The third reflection after my Camino journey is maybe particularly ironic as I am working at a school. As Santiago came closer, more people joined and the roads got busier and the group of walkers more diverse. It made me think about those times when we believe that our way is the only way.
On whose terms?
Quiet, please? was one of the headlines in the Daily Telegraph on Monday. Steve McQueen’s new installation in Tate Britain, Year 3, features over 3000 class photographs with the faces of about 76,000 children. All these children have been invited to visit the gallery to come and have a look. It will probably be a bit noisier than on an average day in the art gallery.
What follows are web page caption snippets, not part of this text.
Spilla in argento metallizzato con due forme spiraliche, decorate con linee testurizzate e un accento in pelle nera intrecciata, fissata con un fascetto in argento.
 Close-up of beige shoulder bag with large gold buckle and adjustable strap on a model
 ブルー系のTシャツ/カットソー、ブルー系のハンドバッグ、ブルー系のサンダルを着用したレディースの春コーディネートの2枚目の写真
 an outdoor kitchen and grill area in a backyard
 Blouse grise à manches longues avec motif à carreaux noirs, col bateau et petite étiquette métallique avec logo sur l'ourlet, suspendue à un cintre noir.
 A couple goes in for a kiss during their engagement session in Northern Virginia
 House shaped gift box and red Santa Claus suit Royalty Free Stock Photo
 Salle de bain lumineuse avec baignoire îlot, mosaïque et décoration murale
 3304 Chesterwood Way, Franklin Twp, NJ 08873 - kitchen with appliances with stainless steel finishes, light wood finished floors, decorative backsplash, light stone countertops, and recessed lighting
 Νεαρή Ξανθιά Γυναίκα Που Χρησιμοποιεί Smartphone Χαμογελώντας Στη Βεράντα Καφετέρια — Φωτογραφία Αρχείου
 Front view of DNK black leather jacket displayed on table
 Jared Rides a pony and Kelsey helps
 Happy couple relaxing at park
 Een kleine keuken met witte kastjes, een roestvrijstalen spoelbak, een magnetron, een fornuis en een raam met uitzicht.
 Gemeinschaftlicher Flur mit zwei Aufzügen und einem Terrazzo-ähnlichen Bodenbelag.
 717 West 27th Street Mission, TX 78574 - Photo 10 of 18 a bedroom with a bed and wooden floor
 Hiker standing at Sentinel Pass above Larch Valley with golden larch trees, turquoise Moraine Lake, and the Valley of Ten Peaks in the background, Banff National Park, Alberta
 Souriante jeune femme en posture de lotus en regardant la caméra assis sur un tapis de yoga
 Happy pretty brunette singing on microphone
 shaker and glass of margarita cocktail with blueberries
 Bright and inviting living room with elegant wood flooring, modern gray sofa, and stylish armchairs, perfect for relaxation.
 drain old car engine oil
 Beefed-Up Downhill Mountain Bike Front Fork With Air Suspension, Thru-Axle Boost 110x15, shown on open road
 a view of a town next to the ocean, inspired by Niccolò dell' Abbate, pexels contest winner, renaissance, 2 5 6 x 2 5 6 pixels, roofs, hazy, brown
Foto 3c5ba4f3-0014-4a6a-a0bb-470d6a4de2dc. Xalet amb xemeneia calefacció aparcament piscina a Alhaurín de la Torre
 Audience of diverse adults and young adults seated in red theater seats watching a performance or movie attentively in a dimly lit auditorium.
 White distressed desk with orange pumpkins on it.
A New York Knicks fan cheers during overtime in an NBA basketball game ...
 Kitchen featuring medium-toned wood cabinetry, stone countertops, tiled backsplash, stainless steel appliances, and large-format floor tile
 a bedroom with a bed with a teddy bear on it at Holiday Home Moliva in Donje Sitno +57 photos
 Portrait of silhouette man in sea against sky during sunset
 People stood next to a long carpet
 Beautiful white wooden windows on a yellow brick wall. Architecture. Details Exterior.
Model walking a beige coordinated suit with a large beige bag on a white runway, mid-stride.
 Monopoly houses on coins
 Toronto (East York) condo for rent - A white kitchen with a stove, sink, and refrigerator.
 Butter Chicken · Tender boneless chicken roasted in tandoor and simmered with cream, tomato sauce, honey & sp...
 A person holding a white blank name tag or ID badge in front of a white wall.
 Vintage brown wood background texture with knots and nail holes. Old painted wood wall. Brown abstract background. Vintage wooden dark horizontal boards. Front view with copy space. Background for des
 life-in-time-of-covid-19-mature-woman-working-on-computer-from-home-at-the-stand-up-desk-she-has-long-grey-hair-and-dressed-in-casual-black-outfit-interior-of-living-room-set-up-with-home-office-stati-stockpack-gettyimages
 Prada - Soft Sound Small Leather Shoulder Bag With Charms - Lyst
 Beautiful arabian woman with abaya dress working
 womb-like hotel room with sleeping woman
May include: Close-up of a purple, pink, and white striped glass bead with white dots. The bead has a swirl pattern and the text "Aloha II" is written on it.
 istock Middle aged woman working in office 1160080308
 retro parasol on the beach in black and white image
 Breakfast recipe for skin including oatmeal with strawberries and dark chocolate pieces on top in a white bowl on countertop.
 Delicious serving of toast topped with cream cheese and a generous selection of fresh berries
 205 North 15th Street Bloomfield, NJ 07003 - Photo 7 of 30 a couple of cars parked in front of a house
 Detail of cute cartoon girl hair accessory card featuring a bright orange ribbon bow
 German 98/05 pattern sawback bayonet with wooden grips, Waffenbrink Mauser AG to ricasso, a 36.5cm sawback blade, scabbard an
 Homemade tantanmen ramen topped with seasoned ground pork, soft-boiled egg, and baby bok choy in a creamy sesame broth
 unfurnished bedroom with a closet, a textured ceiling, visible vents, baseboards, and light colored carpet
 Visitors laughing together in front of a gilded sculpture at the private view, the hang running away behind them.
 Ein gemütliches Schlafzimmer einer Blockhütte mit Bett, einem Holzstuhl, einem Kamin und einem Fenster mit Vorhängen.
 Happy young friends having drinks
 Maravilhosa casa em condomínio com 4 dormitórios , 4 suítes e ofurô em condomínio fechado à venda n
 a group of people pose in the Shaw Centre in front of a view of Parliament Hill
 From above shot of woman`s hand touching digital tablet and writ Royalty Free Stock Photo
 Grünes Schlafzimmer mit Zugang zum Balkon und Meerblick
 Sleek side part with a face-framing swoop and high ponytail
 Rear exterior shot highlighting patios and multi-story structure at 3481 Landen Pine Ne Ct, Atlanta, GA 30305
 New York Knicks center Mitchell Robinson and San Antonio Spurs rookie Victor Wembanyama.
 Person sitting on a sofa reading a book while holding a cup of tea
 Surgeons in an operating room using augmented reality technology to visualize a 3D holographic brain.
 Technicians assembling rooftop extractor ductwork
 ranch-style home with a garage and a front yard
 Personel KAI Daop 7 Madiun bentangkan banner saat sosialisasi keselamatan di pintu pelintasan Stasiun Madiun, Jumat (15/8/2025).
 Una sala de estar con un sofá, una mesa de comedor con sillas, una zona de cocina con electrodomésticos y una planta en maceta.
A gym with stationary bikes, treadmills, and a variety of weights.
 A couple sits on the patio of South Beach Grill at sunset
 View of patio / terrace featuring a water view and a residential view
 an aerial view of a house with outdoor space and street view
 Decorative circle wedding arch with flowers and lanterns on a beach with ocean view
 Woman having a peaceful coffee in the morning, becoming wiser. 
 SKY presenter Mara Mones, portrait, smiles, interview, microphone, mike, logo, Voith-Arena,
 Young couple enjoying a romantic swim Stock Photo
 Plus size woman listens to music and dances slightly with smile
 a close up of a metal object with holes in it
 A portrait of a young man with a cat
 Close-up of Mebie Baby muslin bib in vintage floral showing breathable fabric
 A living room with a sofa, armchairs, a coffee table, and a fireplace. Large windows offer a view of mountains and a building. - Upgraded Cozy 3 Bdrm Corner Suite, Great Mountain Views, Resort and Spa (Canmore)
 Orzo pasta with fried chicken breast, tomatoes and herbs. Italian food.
This was more or less what I experienced too, when on the penultimate day of my journey to Santiago, I was sharing the roads with a group of about 40 Spanish teenagers, and remarkable what seemed only one teacher. By this time I had got used to the hours with little noise and the relative isolation whilst walking. So this many people at once was a shock to my system in the first place.
Having been on enough school trips now, I was not surprised that the young people did not walk quietly two by two, but congested the paths whilst chatting, singing, smoking and vaping. Of course they had also at least one loudspeaker between three, each playing a different type of noise, which I am sure they will have called music – my initial annoyance, I am sure, is evident. How could these people disturb the last couple of days of my spiritual and religious journey? They weren’t even carrying their rucksacks, and probably hadn’t walked the hours I already had.